We’ve covered the Rolex Daytona quite a lot here over the past years and with ever year that goes by, enthusiasts try to guess what Rolex will do with the Daytona and if they will ever release something more akin to the 6263. Five years ago, Rolex introduced a Daytona that many had anticipated: A Daytona with a Cerachrom bezel. Ever since the Daytona 6240, 6241 and ultimately the 6263 that sported the ever fragile but seemingly downright cool, acrylic black bezel – Rolex owners had been crying out for something similar on Rolex latest Daytona. Alas, that call had been heeded and Daytona collectors could now rest easy – or so we thought.

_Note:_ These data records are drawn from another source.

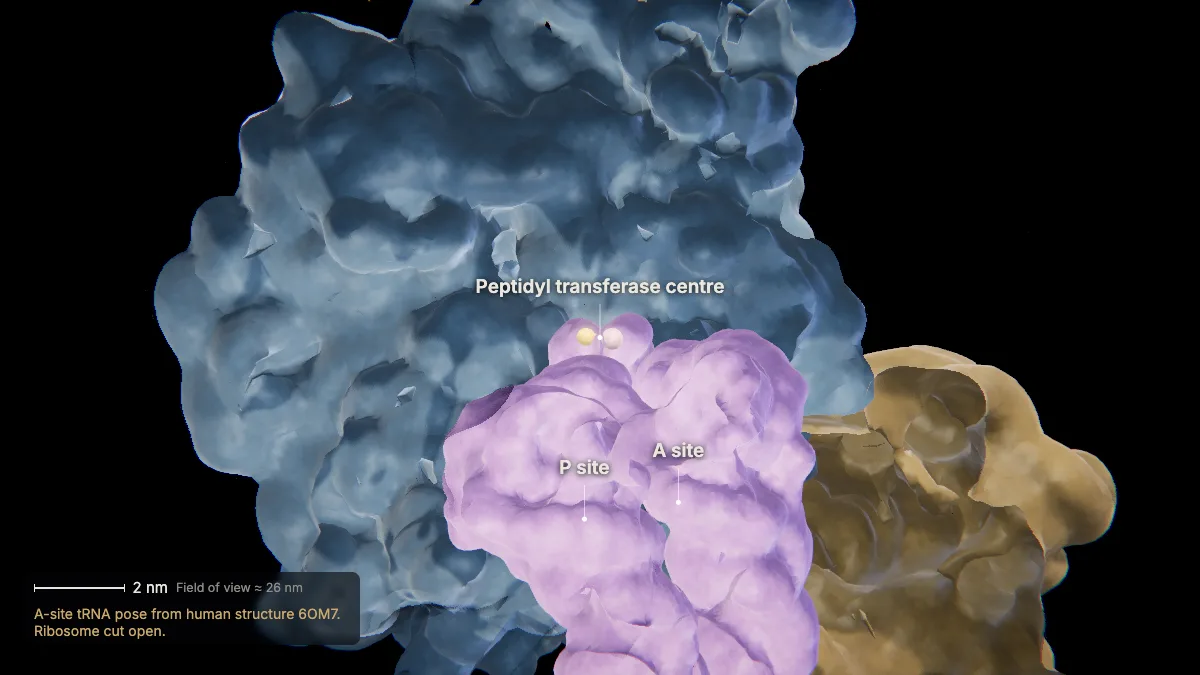 Labeled 3D model, translation (forming a peptide bond): peptidyl transferase centre, A site, P site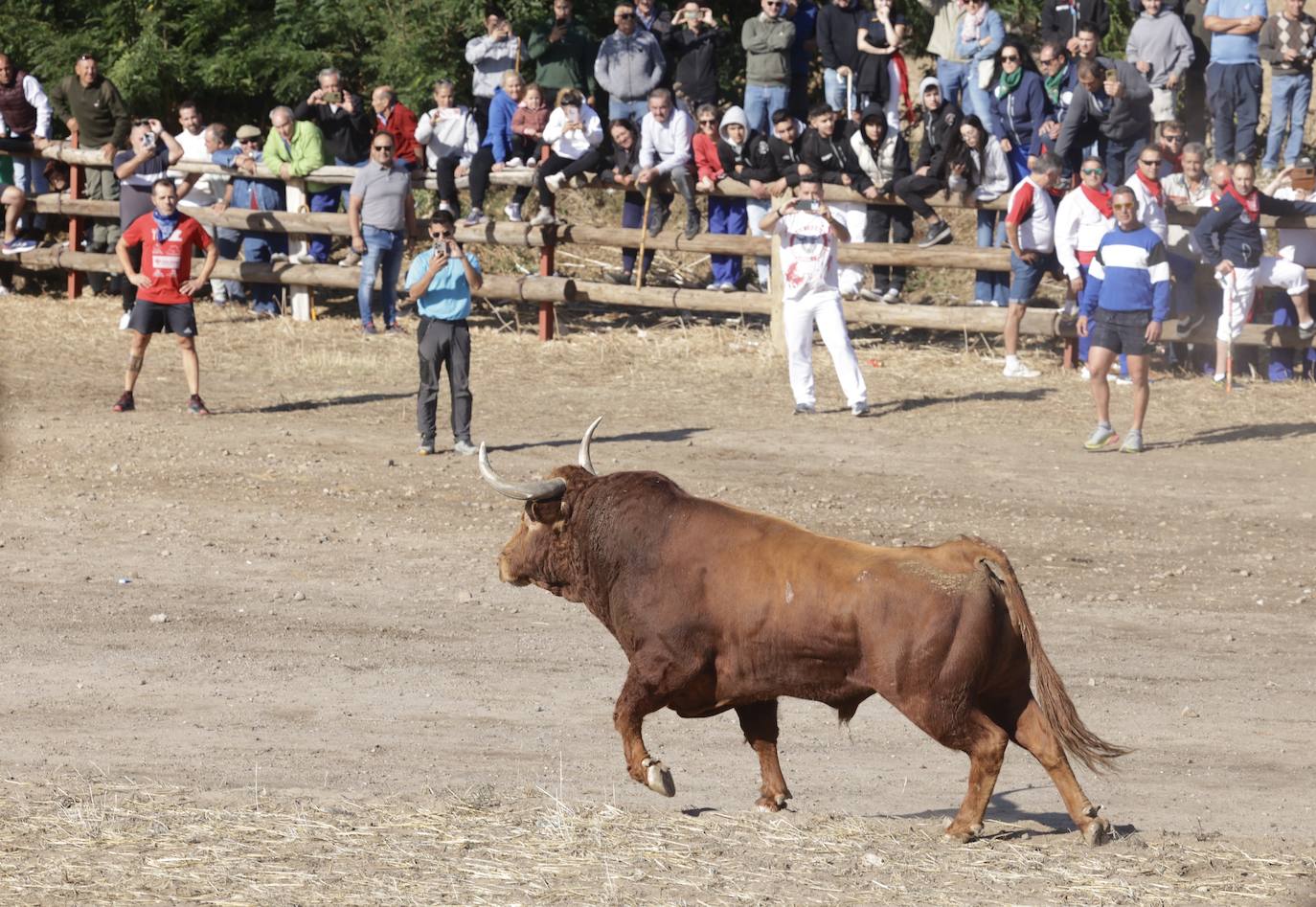 El festejo del Toro de la Vega 2024 en imágenes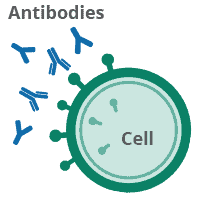 Protein created from injecting mRNA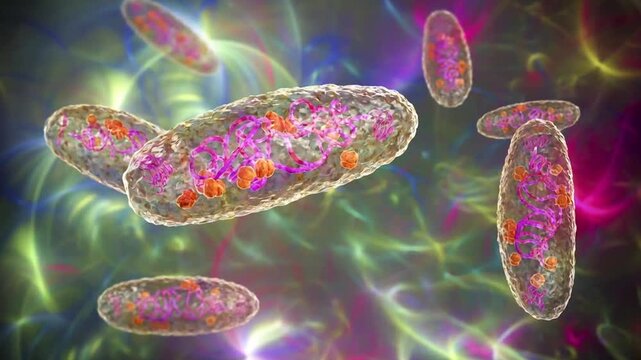 Yersinia pestis bacteria slowly rotating and drifting in fluid, translucent cells revealing internal DNA and cytoplasmic structures, detailed microbiology 3D animation.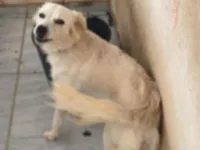 Cachorro raça SRD-ViraLata idade 2 a 6 meses nome Lila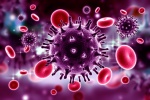 Tìm ra phương pháp mới giúp ngăn ngừa virus HIV hiệu quả gấp 10 lần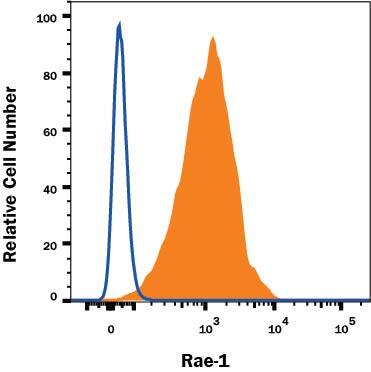 RAW 264.7 mouse monocyte/macrophage cell line was stained with Rat Anti-Mouse Rae-1 Alexa Fluor® 700-conjugated Monoclonal Antibody (Catalog # FAB17582N, filled histogram) or isotype control antibody (Catalog # IC006N, open histogram). View our protocol for Staining Membrane-associated Proteins.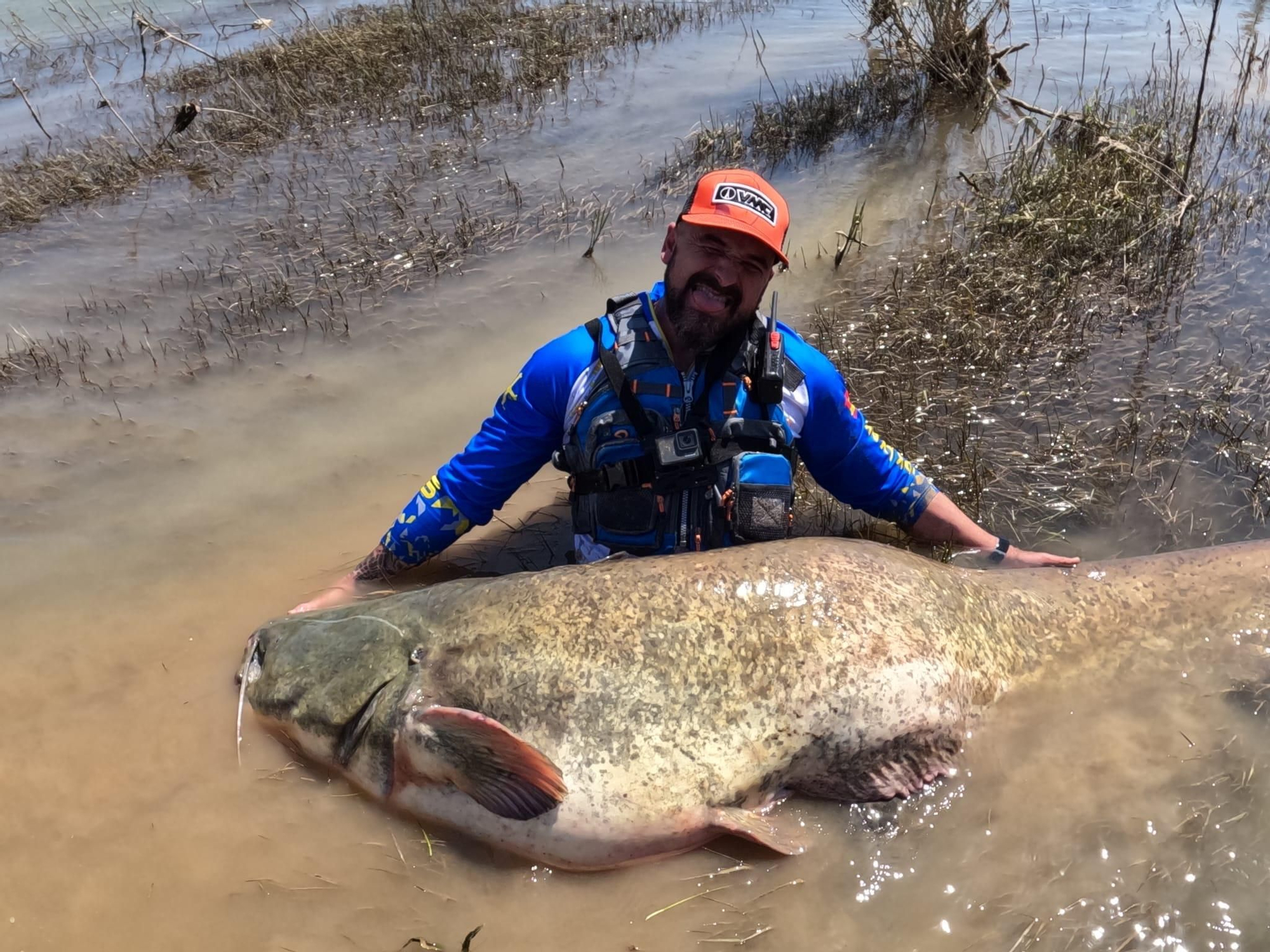 EN IMÁGENES: El monstruoso siluro pescado por unos asturianos en el Ebro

This year, during our meeting with the Rolex, they unveiled three new Daytona models that all sported the same Cerachrom bezel, with the option of a same metal bezel too. This year, the new Daytona models that were shown to us all featured meteorite dials, oh and did I forget to mention they are only available in precious metals?
These three new versions of Rolex Oyster Perpetual Cosmograph Daytonas come in 18-carat yellow, white or Everose gold. These versions come equipped with Rolex innovative Oysterflex bracelet, with an elastomer reinforced with a metal blade, something we saw introduced on the 2015 Yacht-Master. They are also available with the option of matching metal bracelets too. The dial is the real winner here with these new models, fashioned out of meteorite and featuring what is known in collectors’ circles as a “panda” dial. While this isn’t something unusual to see on a precious metal Rolex Daytona, it does add a certain, how do you say… that je ne sais quoi!
The Cerachrom bezel, that is graduated to 400 units, is corrosion resistant, virtually scratchproof and is unaffected by UV rays – which of course means zero patina. This extremely durable bezel also offers more legibility to the tachymetric scale, thanks to a thin layer of 18-carat gold or platinum in the numerals and graduations via a PVD process. The monobloc Cerachrom bezel is made in a single piece, which holds the crystal firmly in place on the middle case, ensuring Oyster tight waterproofness. Inside is the same old faithful calibre 4130 automatic chronograph movement.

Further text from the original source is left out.